# Late March Tuna Report, Venice LA



## Deep South Charters (Mar 2, 2009)

The tuna fishing is still strong in Venice, LA! We fished Friday, Saturday, Sunday and Monday! ​ 
Monday was a little slow but still managed to boat 7 yellowfin! ​

Friday we had Jerrid Petrys crew out of Lafayette fishing on the Looney Tuna! I actually had to work Friday because I didnt have a deck hand! I am spoiled and I am used to having help! I was able to rig everything on the way out, made it to the fishing grounds, caught plenty of bait on Frenzy sabikis (#4 and #6), first baits back, one got nailed, FISH ON!! The crew was a blast, they kept the boat in order while fishing, thanks for the help guys!! We ended the day with 12 yellowfin tuna, one in the 100 pound class, even stopped to grab a few aj's on the way back in!​ 
Saturday, with Aaron back on the boat with me, the seas decided to not play nice! It was a slow ride out, even stopped to amberjack fish to break up the ride! After boating a few we pushed on to the tuna grounds! It was hard to catch bait in the rough water but we did get enough to start fishing! Nothing was fast but we got one here and there to finish the day with 7 yellowfin, 3 in the 100 pound class, and 3 amberjack! Not bad for the conditions, not bad at all! Great work guys! The best part about the trip was the guys had used Braid stand up harness before and knew how to use them, they landed the 100 pound fish very fast, nice work!​ 
Sunday we had Neil's crew from Florida! These guys wanted tuna! Every charter boat in Venice canceled Sunday due to the rough sea predictions! I spoke to Neil at the dock Saturday night and told him it may be pretty rough but he wanted to go, after a little research, I told him to be at the dock at 6am! After making it down the river in the fog, we hit the mouth of southwest pass and the seas seemed to be ok, big rollers but not too bad!
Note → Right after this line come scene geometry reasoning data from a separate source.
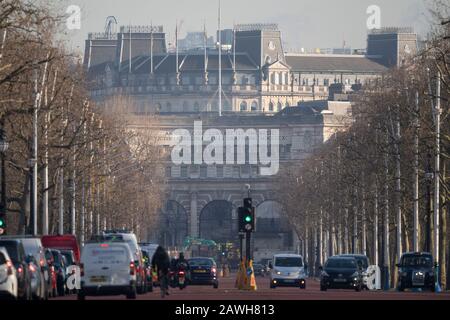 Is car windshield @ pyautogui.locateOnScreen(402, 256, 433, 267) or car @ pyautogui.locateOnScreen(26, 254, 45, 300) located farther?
car windshield @ pyautogui.locateOnScreen(402, 256, 433, 267)

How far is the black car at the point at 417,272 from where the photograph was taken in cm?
10569

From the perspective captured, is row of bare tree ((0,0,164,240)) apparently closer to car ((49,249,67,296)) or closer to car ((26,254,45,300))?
car ((49,249,67,296))

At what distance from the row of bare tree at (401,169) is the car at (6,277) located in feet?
109

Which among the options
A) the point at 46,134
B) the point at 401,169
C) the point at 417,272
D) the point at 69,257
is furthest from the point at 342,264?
the point at 401,169

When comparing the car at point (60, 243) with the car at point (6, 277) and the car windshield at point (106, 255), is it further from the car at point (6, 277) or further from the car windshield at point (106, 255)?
the car at point (6, 277)

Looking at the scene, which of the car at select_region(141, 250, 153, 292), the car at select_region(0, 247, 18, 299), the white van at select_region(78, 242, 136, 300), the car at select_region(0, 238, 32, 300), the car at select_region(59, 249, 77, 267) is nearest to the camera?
the car at select_region(0, 247, 18, 299)

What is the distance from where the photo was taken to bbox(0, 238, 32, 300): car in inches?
2783

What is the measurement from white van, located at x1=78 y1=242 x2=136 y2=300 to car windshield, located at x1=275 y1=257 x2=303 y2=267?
42.4m

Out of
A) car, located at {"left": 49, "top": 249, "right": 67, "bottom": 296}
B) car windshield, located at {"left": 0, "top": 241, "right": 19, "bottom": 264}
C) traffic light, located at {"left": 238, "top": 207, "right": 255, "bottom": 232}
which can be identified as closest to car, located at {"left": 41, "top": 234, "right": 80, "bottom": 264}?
car, located at {"left": 49, "top": 249, "right": 67, "bottom": 296}

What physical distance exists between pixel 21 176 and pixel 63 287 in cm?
3564

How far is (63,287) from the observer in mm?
92375

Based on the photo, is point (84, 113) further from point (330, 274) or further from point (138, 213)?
point (138, 213)

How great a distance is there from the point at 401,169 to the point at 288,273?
55.4ft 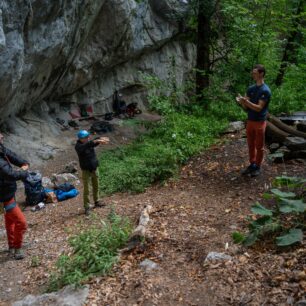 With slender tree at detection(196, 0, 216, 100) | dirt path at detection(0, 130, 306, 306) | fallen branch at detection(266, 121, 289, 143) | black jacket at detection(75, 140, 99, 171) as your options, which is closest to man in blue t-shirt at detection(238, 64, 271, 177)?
dirt path at detection(0, 130, 306, 306)

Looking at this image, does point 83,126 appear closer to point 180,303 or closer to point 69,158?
point 69,158

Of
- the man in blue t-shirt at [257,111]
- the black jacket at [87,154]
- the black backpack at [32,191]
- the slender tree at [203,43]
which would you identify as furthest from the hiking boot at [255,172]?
the slender tree at [203,43]

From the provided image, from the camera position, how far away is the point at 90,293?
4.35m

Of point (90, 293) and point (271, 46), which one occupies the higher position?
point (271, 46)

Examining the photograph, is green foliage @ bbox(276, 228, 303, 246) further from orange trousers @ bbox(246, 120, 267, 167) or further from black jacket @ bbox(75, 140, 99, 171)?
black jacket @ bbox(75, 140, 99, 171)

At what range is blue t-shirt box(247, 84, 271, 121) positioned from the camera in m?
6.59

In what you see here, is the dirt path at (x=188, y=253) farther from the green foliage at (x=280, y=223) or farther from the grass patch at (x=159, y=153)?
the grass patch at (x=159, y=153)

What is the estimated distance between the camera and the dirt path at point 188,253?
3.94m

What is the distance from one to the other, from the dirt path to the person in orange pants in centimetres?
29

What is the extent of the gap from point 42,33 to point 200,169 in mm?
5836

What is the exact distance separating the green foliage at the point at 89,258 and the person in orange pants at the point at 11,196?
1.12 meters

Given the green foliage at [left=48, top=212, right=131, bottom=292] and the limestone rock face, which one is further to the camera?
the limestone rock face

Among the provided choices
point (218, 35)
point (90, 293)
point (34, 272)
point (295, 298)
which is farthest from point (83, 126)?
point (295, 298)

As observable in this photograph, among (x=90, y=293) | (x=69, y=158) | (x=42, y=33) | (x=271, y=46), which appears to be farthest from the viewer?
(x=271, y=46) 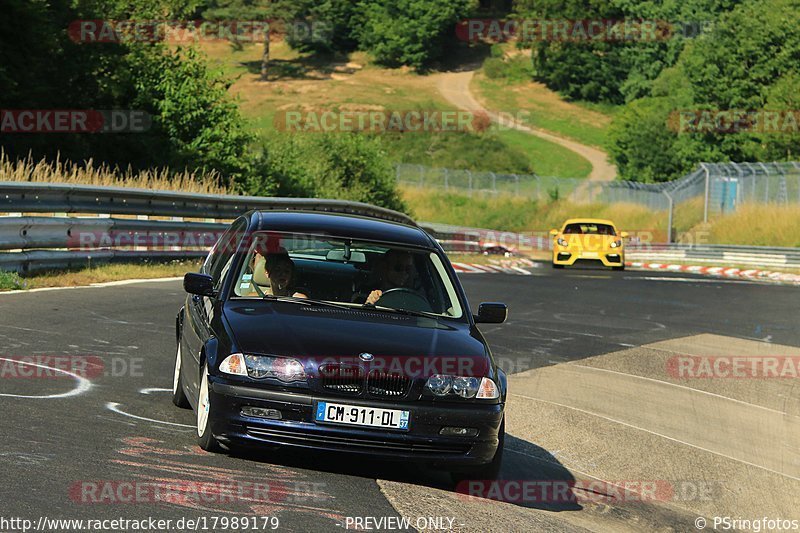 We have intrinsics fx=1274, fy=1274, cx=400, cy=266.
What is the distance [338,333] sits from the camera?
707 cm

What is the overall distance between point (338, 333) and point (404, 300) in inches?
38.9

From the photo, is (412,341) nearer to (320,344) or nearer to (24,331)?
(320,344)

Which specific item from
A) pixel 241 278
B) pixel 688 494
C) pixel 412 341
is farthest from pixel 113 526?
pixel 688 494

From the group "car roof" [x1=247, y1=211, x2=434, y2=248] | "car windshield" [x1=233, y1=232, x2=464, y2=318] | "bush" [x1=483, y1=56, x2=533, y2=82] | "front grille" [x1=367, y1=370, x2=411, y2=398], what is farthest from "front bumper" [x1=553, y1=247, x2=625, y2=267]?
"bush" [x1=483, y1=56, x2=533, y2=82]

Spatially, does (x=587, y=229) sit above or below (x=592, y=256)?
above

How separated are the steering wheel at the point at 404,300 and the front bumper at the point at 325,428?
122 cm

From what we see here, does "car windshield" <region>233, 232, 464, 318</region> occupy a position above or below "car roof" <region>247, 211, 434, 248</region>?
below

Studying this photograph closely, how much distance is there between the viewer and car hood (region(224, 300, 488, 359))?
6836 millimetres

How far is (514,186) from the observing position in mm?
71750

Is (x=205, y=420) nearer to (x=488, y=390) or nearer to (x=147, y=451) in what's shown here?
(x=147, y=451)

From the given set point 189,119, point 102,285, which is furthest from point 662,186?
point 102,285

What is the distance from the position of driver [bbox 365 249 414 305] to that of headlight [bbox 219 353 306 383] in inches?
61.3

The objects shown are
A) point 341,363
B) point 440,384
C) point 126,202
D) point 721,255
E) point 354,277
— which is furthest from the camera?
point 721,255

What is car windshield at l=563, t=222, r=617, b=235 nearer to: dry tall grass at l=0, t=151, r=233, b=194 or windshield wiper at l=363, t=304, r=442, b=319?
dry tall grass at l=0, t=151, r=233, b=194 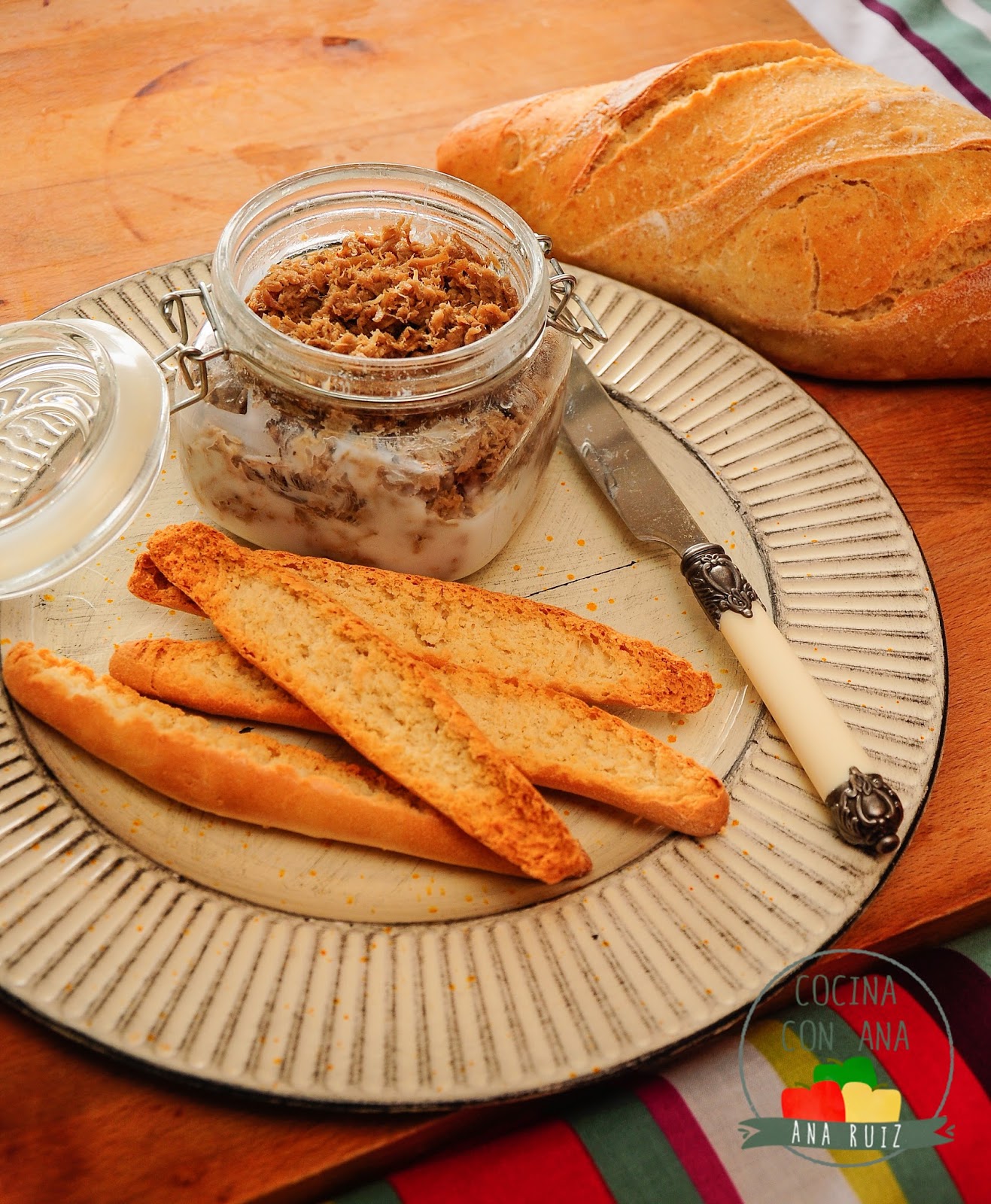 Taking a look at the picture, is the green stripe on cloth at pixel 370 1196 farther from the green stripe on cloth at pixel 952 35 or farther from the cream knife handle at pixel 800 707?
the green stripe on cloth at pixel 952 35

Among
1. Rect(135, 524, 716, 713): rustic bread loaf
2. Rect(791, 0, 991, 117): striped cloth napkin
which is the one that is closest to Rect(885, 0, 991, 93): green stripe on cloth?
Rect(791, 0, 991, 117): striped cloth napkin

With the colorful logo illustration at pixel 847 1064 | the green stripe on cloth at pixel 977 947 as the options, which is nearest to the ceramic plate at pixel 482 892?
the colorful logo illustration at pixel 847 1064

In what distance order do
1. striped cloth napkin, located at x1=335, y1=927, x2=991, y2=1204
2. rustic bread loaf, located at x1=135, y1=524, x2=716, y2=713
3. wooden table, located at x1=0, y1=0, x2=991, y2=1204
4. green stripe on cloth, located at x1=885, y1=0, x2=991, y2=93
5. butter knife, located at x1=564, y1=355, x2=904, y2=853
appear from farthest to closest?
green stripe on cloth, located at x1=885, y1=0, x2=991, y2=93 < rustic bread loaf, located at x1=135, y1=524, x2=716, y2=713 < butter knife, located at x1=564, y1=355, x2=904, y2=853 < striped cloth napkin, located at x1=335, y1=927, x2=991, y2=1204 < wooden table, located at x1=0, y1=0, x2=991, y2=1204

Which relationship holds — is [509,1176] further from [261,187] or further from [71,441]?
[261,187]

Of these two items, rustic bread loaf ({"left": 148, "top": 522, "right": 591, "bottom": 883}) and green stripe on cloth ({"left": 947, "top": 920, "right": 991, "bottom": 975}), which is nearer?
rustic bread loaf ({"left": 148, "top": 522, "right": 591, "bottom": 883})

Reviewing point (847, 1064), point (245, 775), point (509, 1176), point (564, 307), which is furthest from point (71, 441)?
point (847, 1064)

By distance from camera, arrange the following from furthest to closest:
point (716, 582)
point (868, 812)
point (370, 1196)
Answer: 1. point (716, 582)
2. point (868, 812)
3. point (370, 1196)

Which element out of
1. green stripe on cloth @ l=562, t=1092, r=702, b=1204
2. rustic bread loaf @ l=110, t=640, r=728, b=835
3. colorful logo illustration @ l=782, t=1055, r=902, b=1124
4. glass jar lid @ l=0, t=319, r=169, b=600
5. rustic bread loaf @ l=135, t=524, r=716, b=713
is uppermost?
glass jar lid @ l=0, t=319, r=169, b=600

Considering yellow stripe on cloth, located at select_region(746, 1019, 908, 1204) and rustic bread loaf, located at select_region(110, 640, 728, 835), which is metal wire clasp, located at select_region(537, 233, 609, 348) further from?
yellow stripe on cloth, located at select_region(746, 1019, 908, 1204) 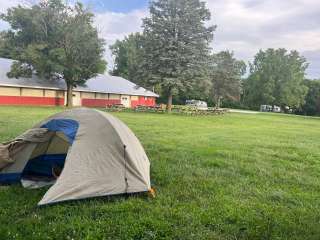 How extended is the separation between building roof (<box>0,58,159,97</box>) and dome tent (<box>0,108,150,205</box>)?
1094 inches

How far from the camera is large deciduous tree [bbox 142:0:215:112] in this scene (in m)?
30.0

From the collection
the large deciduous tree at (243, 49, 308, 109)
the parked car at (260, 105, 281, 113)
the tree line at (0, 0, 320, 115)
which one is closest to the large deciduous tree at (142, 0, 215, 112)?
the tree line at (0, 0, 320, 115)

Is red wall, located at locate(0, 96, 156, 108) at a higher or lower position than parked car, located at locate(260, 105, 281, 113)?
higher

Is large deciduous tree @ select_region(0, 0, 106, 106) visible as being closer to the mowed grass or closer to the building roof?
the building roof

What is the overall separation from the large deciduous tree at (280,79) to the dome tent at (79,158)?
177 feet

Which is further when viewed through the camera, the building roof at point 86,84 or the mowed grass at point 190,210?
the building roof at point 86,84

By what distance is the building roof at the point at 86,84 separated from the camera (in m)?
33.2

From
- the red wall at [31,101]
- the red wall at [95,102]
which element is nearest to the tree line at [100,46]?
the red wall at [31,101]

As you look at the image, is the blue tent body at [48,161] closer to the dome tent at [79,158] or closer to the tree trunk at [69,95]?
the dome tent at [79,158]

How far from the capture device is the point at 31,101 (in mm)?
34656

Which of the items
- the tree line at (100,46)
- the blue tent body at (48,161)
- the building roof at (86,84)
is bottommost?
the blue tent body at (48,161)

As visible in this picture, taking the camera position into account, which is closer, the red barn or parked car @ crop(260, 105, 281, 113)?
the red barn

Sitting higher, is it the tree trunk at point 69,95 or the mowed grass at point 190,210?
the tree trunk at point 69,95

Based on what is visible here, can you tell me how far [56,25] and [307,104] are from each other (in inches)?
1743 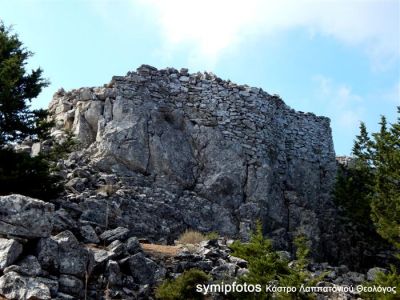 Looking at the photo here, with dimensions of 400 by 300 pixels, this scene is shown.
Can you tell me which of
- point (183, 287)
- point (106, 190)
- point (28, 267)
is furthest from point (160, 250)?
point (28, 267)

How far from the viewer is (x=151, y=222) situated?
16109mm

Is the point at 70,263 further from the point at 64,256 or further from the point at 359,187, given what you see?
the point at 359,187

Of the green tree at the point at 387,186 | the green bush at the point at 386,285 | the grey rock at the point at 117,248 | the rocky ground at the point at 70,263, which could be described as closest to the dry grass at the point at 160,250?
the rocky ground at the point at 70,263

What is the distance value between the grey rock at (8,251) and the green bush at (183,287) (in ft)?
8.89

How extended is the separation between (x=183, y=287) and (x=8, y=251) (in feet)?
10.7

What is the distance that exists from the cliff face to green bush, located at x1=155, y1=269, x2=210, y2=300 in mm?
5822

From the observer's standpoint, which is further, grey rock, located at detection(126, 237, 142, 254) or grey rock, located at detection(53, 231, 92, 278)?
grey rock, located at detection(126, 237, 142, 254)

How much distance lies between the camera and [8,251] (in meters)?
8.82

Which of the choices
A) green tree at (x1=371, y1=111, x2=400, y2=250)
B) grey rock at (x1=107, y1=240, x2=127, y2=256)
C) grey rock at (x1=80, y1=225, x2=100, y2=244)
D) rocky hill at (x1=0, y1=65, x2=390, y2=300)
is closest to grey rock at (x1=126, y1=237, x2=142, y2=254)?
grey rock at (x1=107, y1=240, x2=127, y2=256)

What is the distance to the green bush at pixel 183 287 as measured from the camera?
30.9ft

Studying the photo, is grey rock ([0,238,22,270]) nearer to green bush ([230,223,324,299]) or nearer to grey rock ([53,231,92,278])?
grey rock ([53,231,92,278])

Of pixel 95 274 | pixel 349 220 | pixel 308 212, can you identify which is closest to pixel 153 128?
pixel 308 212

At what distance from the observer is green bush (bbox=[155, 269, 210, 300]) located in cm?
941

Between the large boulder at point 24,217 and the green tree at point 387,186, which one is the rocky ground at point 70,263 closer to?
the large boulder at point 24,217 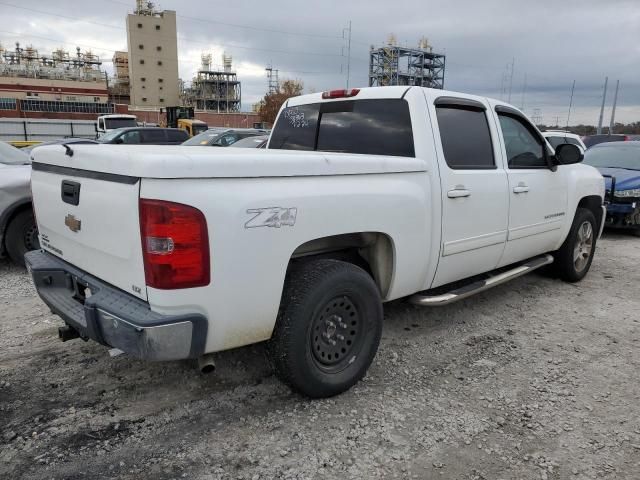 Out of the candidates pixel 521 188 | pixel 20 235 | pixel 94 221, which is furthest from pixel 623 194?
pixel 20 235

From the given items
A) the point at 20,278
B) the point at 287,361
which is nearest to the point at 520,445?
the point at 287,361

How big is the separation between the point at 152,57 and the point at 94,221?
9609 centimetres

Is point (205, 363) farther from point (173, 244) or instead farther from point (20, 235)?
point (20, 235)

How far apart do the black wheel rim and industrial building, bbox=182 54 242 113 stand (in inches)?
4164

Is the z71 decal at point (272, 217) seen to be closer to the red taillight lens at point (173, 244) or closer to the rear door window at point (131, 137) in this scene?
the red taillight lens at point (173, 244)

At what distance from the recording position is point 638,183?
848 cm

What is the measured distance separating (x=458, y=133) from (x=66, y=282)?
9.86 ft

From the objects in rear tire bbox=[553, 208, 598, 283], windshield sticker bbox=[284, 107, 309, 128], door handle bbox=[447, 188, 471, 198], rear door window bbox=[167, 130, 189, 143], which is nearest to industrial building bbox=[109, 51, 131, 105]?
rear door window bbox=[167, 130, 189, 143]

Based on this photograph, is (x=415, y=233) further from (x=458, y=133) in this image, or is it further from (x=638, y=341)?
(x=638, y=341)

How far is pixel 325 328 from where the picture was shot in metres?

The fog stayed with us til we were about 15 miles offshore but the water was pretty calm!​ 
We decided on where we would try to fish and pointed the Freeman South! After making bait, Aaron got the first two baits out to have them both inhailed by tuna! Pulled hooks on one but landed the other one, over 100 pounds! Next bait, FISH ON, all the way to the boat, huge fish, over 100, pulled hooks while we were looking at it! It happens! Next fish, over 100, Aaron and I looked at each other and said looks like its gonna be a good day!!! Fishing was awesome all day! Finished up at 2 pm with a full box, 11 yellowfin tuna, one was 107, had a 103 and a 97 and also caught a 70 pound Big Eye tuna which we will put in the record books at #2 state record! Since there is only one other Big Eye on the record books, it was pretty easy to get the #2 spot! ha ha! ​ 
We will be back at it Friday! April 23rd is the only saturday that I have open til August but we still have plenty other dates open on the two boats! Capt Gray is open Sunday April 10th if anyone wants it! ​ 
The tuna fishing continues to be off of the charts, if you want tuna then you want to fish now! Dolphin will be here soon as well!​ 
New shirts will be here soon as well!​ 
ps I may have this Sunday open to fish, still waiting on a customer to confirm but as of now, its open til I hear from him!​ 
Lets go fishing!​ 
Capt Josh Howard
225-572-7408
[email protected]
www.deepsouthcharters.com​​


----------



## KPTN (May 21, 2009)

Nice job captian, i have never caught a tuna and wish i could get there!


----------



## Deep South Charters (Mar 2, 2009)

KPTN said:


> Nice job captian, i have never caught a tuna and wish i could get there!


 
we would love to have you on board!!


----------



## Ultralite (Oct 1, 2007)

good report! thanks for posting...that's a bunch of happy anglers there...way to catchem' up....


----------